↓↓↓

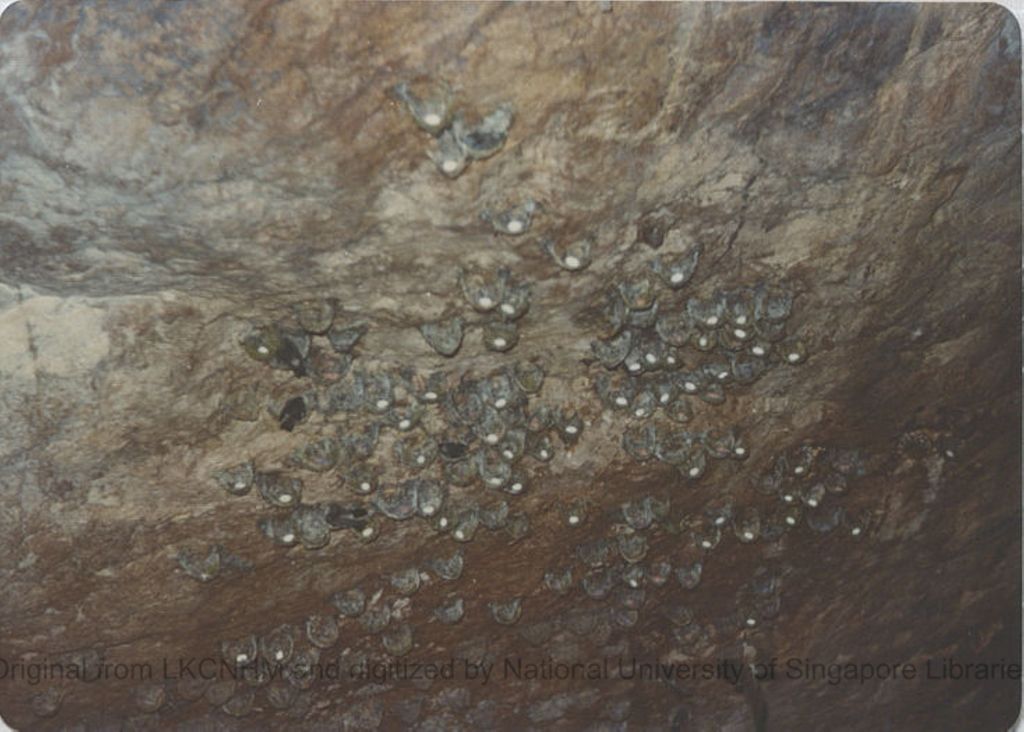 Miniature of Grey swiftlets and nests and eggs from Tully Gorge, Queensland, Australia: photo 1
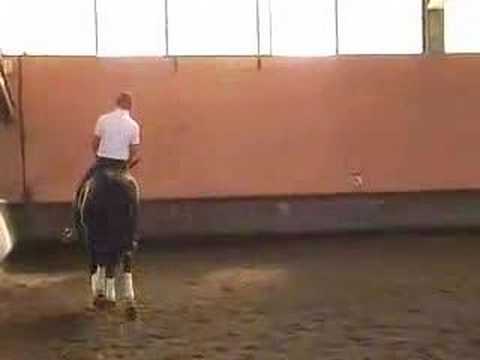 Andalusian PRE - Paco Lazo stud for sale - WWW.HORSESPRE.COM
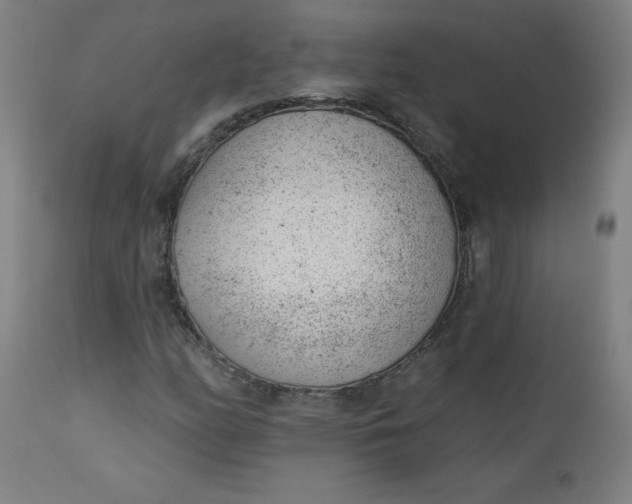 X0000112921158200909080927
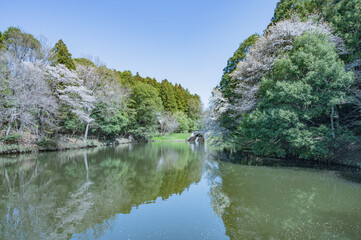 Fototapeta premium 茨城 七ツ洞公園（水戸市）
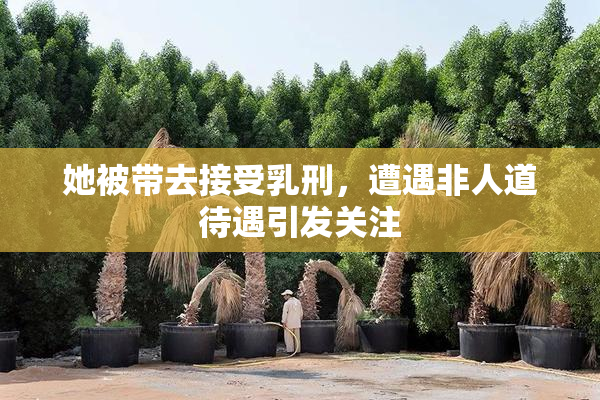 她被带去接受乳刑，遭遇非人道待遇引发关注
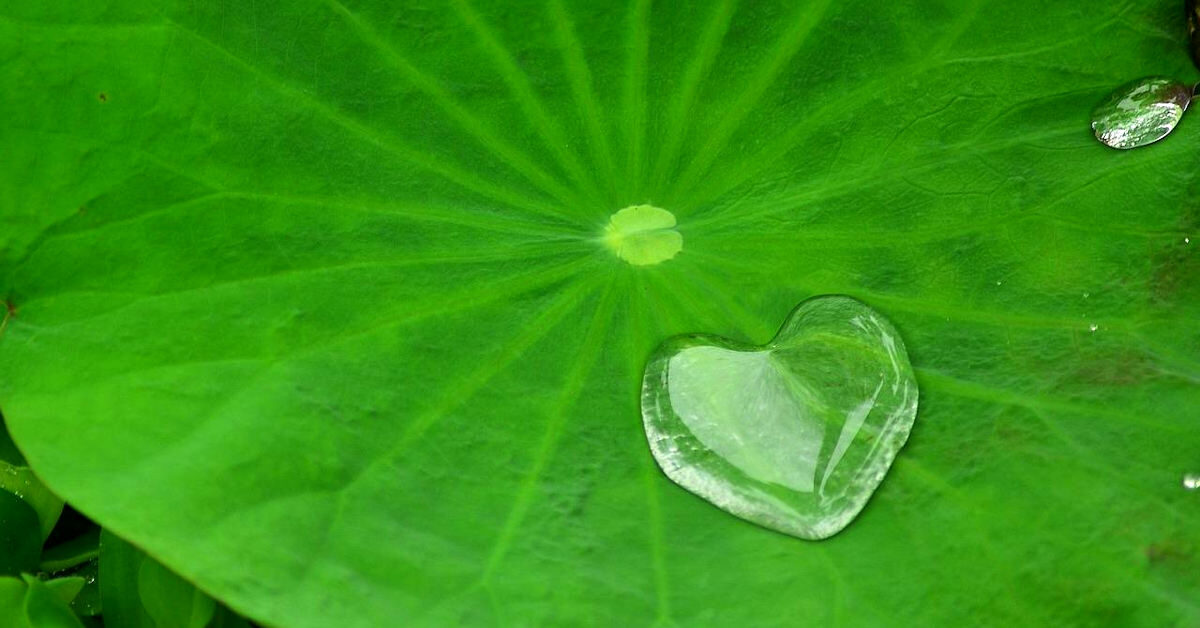 積陰德,扭轉霉運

↑↑↑

== WORK TO COMPLETE ==
Please transcribe the lines from the one containing "Andalusian PRE - Paco" to the last line of the listing, both included, exactly and with nothing added, leaving every picture out.

== WORKED SOLUTION ==
 Andalusian PRE - Paco Lazo stud for sale - WWW.HORSESPRE.COM
 X0000112921158200909080927
 Fototapeta premium 茨城 七ツ洞公園（水戸市）
 她被带去接受乳刑，遭遇非人道待遇引发关注
 積陰德,扭轉霉運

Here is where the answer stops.